* [PROBLEM TO SOLVE]
Below are the records. Gather each line that holds "face".

(Items listed in a dataset)
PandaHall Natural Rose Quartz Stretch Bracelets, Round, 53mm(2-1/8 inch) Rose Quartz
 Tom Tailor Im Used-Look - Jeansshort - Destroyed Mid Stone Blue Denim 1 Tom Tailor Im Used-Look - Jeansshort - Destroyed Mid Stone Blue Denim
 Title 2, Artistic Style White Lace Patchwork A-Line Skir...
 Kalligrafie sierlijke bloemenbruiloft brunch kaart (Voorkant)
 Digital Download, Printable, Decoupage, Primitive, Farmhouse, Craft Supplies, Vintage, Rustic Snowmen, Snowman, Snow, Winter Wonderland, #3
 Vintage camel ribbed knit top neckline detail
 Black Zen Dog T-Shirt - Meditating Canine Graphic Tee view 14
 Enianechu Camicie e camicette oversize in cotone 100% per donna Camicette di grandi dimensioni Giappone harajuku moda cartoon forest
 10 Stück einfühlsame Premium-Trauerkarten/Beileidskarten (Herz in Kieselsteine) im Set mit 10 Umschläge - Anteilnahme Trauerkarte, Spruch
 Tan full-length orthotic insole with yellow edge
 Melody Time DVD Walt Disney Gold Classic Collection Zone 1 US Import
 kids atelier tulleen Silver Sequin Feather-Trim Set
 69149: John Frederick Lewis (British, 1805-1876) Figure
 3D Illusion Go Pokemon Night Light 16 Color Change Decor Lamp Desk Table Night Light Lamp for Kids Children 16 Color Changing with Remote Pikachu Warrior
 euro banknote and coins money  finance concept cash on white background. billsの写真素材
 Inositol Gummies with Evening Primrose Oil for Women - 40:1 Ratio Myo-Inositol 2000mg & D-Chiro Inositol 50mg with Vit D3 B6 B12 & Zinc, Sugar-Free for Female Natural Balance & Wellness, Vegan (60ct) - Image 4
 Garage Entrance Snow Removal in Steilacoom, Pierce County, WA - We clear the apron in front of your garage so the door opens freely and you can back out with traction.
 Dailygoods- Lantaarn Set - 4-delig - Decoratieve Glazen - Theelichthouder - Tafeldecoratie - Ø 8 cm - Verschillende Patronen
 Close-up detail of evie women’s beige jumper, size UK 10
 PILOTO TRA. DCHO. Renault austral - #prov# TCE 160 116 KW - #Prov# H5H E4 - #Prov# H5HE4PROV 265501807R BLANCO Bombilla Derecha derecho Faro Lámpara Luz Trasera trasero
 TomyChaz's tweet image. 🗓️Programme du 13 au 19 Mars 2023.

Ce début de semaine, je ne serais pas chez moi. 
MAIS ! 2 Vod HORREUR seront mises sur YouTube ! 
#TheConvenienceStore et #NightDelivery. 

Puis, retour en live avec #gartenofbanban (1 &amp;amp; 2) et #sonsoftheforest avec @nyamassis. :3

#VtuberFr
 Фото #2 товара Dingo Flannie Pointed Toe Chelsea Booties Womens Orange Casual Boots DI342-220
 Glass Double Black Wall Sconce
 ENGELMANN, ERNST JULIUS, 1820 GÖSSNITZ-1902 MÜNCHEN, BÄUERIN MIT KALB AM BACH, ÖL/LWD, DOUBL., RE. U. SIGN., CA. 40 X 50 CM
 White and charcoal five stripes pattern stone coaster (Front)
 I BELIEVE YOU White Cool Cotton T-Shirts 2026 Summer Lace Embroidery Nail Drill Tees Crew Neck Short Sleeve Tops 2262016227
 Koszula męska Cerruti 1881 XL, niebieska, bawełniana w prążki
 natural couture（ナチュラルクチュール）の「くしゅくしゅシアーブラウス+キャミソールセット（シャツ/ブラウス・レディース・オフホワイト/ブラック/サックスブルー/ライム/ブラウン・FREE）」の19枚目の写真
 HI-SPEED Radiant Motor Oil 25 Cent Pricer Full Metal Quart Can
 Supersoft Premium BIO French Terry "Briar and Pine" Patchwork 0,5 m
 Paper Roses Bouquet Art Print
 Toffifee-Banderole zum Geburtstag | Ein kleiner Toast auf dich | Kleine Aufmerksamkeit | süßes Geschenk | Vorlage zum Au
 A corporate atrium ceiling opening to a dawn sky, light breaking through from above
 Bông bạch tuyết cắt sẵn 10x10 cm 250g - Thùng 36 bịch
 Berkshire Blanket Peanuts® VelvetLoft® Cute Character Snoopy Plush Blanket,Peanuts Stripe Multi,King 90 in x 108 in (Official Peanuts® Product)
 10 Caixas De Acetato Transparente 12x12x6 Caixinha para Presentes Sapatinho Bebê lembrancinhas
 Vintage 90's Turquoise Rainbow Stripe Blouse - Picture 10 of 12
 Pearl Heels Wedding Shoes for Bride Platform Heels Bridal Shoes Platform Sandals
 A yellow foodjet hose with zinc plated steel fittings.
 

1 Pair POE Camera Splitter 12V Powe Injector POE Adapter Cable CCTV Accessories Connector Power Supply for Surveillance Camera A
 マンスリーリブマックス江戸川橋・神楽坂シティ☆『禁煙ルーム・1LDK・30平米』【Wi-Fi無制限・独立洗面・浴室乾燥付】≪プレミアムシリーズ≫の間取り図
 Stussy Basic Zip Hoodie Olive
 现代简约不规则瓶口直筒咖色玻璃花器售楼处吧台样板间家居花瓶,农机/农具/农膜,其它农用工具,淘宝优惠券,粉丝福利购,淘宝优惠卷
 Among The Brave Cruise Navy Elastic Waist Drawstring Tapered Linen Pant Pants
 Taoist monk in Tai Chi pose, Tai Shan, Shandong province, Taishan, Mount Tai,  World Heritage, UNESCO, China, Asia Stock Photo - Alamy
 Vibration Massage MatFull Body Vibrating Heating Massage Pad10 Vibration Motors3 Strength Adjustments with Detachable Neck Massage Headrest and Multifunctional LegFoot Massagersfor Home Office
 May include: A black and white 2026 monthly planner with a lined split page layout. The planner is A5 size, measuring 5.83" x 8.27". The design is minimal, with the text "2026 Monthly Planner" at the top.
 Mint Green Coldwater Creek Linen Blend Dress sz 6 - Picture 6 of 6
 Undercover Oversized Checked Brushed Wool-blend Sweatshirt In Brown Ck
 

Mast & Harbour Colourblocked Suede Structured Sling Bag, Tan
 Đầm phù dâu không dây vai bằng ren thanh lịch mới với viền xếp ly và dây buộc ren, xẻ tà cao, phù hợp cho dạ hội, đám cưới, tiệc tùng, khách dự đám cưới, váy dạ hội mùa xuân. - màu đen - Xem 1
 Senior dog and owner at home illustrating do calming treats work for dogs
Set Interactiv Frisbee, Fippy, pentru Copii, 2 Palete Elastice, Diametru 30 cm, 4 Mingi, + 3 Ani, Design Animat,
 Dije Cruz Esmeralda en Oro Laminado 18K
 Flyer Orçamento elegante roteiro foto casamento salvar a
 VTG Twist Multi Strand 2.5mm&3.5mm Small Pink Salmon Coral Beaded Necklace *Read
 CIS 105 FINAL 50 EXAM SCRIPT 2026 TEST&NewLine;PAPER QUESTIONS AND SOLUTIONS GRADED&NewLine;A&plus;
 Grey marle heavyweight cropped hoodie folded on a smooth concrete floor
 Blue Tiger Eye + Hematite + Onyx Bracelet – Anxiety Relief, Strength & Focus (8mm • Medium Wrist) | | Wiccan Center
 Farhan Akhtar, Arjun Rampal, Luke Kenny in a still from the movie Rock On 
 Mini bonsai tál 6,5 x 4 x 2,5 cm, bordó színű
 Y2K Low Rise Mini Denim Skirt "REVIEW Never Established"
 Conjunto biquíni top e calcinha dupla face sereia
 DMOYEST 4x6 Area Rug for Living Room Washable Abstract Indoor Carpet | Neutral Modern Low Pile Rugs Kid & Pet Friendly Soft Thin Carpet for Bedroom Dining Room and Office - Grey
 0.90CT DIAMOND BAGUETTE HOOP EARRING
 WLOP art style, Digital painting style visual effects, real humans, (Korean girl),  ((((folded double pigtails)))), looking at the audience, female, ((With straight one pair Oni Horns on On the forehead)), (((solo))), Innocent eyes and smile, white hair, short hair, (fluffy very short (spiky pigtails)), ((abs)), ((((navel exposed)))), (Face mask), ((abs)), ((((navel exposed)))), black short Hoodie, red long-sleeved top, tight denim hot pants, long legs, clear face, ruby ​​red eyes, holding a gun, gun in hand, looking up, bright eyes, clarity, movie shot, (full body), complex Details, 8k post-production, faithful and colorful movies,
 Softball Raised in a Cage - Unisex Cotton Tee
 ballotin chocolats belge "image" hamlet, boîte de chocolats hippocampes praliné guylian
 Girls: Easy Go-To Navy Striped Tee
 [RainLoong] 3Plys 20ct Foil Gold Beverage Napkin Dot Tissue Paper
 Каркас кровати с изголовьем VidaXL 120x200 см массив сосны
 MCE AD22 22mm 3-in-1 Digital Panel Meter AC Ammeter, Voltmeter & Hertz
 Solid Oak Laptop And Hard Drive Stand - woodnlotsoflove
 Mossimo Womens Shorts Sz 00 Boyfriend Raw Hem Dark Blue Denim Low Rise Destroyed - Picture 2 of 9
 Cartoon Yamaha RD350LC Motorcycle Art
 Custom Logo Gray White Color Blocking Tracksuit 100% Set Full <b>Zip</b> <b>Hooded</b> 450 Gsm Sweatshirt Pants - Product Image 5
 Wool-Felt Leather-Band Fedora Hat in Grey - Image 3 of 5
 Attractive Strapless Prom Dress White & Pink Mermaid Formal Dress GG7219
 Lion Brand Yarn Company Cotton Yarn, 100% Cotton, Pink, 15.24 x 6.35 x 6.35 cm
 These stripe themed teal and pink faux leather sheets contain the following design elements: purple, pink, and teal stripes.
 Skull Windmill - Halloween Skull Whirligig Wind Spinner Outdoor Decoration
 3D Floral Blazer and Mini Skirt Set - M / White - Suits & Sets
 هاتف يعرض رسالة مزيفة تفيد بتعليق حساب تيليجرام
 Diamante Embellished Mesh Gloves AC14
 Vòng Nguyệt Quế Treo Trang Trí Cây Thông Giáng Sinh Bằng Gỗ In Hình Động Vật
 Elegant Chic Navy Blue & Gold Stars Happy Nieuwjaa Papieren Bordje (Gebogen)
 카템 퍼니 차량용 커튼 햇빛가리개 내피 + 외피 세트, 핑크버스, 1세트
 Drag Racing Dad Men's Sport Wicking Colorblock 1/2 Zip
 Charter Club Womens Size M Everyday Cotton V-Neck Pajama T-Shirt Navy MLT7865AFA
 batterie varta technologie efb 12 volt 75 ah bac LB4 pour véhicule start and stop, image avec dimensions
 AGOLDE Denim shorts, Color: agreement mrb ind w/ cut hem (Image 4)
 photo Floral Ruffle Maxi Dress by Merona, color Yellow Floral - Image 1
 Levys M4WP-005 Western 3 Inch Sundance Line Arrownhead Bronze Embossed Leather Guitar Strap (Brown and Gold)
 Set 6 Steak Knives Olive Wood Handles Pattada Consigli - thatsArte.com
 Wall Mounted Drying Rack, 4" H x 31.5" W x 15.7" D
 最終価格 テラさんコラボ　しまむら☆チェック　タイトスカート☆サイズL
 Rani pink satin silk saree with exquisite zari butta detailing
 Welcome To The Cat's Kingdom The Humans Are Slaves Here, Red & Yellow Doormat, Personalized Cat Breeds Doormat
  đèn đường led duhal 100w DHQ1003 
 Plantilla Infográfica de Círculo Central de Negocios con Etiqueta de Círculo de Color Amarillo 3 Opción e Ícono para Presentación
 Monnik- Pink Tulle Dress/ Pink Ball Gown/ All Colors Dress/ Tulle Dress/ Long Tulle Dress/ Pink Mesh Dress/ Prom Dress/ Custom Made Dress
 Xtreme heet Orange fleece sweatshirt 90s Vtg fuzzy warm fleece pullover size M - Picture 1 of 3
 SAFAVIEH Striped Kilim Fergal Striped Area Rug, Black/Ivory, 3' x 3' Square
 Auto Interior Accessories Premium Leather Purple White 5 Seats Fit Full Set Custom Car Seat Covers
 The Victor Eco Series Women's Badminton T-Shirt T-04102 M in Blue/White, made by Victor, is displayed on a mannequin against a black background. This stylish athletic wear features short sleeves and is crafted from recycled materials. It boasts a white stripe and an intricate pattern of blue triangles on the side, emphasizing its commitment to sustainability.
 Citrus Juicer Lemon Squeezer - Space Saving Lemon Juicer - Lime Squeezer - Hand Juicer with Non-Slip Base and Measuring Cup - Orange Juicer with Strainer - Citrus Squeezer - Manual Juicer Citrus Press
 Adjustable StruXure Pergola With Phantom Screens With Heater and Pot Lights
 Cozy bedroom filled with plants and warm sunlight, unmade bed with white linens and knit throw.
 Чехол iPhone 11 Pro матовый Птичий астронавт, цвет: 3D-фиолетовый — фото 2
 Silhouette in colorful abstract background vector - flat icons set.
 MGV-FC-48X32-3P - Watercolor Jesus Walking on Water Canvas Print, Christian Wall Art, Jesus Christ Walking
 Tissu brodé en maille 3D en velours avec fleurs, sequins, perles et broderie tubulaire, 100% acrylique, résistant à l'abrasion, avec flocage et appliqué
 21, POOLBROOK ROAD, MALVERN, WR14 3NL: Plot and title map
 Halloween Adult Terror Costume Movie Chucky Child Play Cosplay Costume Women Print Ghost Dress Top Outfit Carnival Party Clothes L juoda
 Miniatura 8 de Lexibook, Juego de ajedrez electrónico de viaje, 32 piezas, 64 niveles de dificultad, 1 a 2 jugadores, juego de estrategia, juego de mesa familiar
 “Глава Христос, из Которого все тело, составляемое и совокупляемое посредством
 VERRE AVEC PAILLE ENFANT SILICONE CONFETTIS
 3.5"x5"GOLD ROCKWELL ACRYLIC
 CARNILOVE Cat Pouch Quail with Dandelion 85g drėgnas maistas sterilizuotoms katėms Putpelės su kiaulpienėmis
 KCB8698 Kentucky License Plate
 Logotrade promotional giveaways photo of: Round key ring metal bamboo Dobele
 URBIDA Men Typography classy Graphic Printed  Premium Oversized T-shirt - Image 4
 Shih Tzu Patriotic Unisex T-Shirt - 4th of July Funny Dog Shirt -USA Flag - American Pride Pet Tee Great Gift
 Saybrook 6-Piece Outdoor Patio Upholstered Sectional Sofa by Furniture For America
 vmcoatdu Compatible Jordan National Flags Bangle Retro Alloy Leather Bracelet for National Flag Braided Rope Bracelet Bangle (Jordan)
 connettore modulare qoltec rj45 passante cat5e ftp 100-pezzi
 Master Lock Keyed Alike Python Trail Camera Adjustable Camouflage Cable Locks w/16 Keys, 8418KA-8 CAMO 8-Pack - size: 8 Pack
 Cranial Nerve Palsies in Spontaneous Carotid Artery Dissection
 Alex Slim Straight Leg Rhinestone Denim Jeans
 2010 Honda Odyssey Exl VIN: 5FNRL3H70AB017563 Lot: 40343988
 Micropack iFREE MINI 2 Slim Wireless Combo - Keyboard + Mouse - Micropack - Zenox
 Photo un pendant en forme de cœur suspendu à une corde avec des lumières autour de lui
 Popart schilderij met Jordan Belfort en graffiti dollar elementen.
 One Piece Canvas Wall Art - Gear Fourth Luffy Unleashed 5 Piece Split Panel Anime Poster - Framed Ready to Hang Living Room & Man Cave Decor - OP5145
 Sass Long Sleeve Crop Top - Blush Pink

* [SOLUTION TO THE PROBLEM]
 Conjunto biquíni top e calcinha dupla face sereia
 WLOP art style, Digital painting style visual effects, real humans, (Korean girl),  ((((folded double pigtails)))), looking at the audience, female, ((With straight one pair Oni Horns on On the forehead)), (((solo))), Innocent eyes and smile, white hair, short hair, (fluffy very short (spiky pigtails)), ((abs)), ((((navel exposed)))), (Face mask), ((abs)), ((((navel exposed)))), black short Hoodie, red long-sleeved top, tight denim hot pants, long legs, clear face, ruby ​​red eyes, holding a gun, gun in hand, looking up, bright eyes, clarity, movie shot, (full body), complex Details, 8k post-production, faithful and colorful movies,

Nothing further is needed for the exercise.